EXERCISE: All that is wanted is the exact lines from the one with "La productividad agrícola" through the last line of the entries, with both ends kept and every picture left out.

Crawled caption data

-.-.-

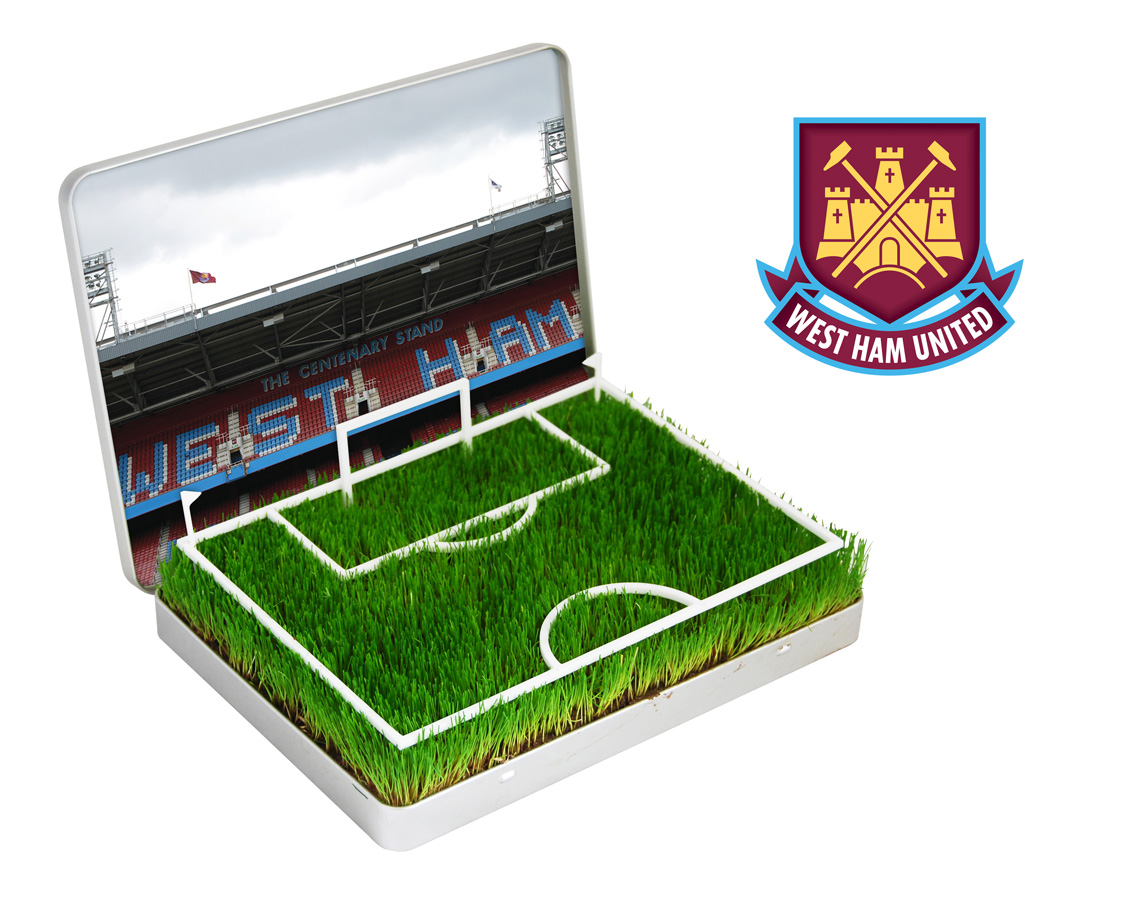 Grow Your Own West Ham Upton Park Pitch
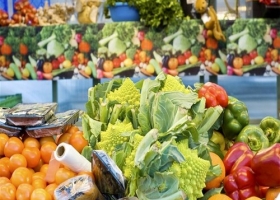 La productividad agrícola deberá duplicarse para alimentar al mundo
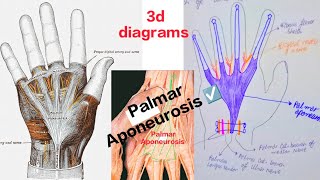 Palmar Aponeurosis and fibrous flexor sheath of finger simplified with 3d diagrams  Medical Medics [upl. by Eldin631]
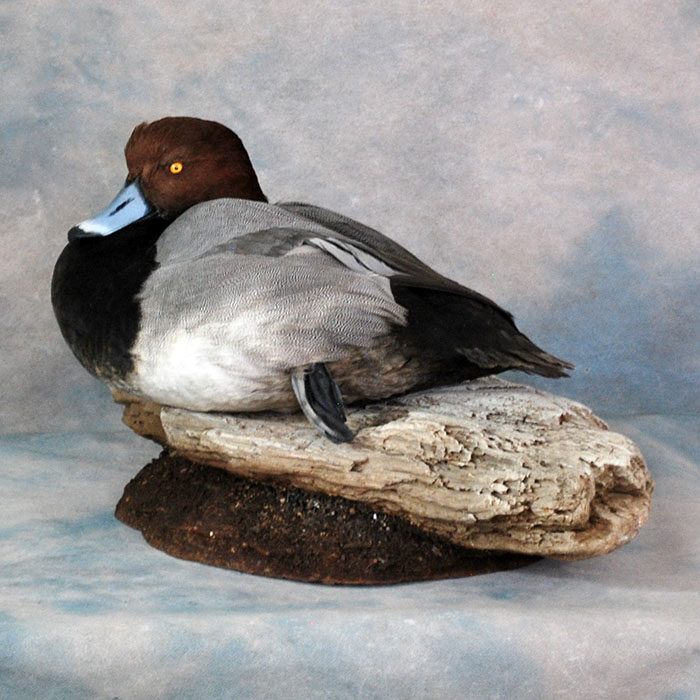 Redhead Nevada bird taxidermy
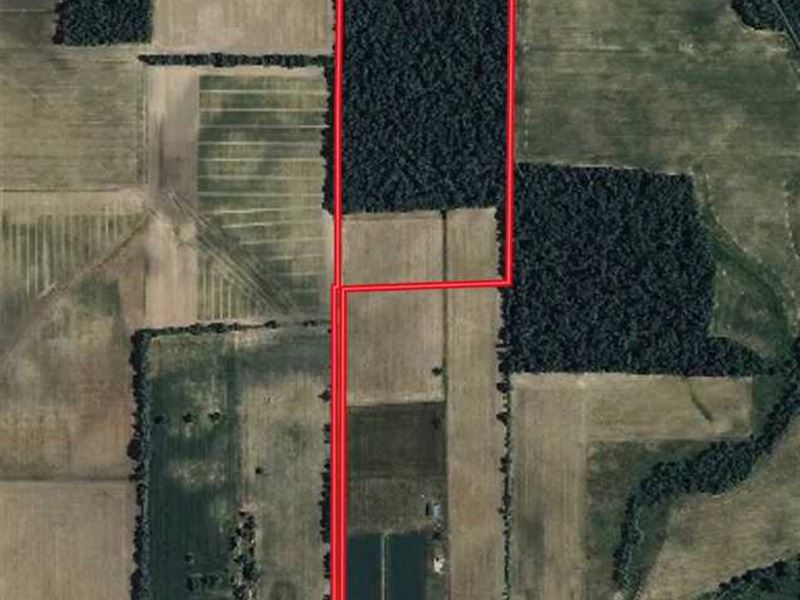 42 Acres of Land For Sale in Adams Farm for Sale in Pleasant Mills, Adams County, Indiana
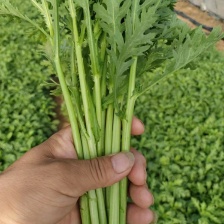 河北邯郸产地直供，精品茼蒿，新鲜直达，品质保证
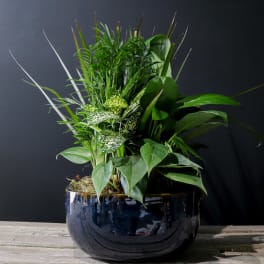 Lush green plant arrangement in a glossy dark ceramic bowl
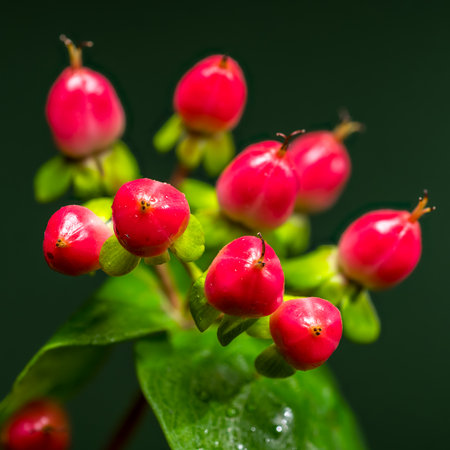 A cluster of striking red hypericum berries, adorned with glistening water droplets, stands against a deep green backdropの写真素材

-.-.-

FINISHED TASK:
 La productividad agrícola deberá duplicarse para alimentar al mundo
 Palmar Aponeurosis and fibrous flexor sheath of finger simplified with 3d diagrams  Medical Medics [upl. by Eldin631]
 Redhead Nevada bird taxidermy
 42 Acres of Land For Sale in Adams Farm for Sale in Pleasant Mills, Adams County, Indiana
 河北邯郸产地直供，精品茼蒿，新鲜直达，品质保证
 Lush green plant arrangement in a glossy dark ceramic bowl
 A cluster of striking red hypericum berries, adorned with glistening water droplets, stands against a deep green backdropの写真素材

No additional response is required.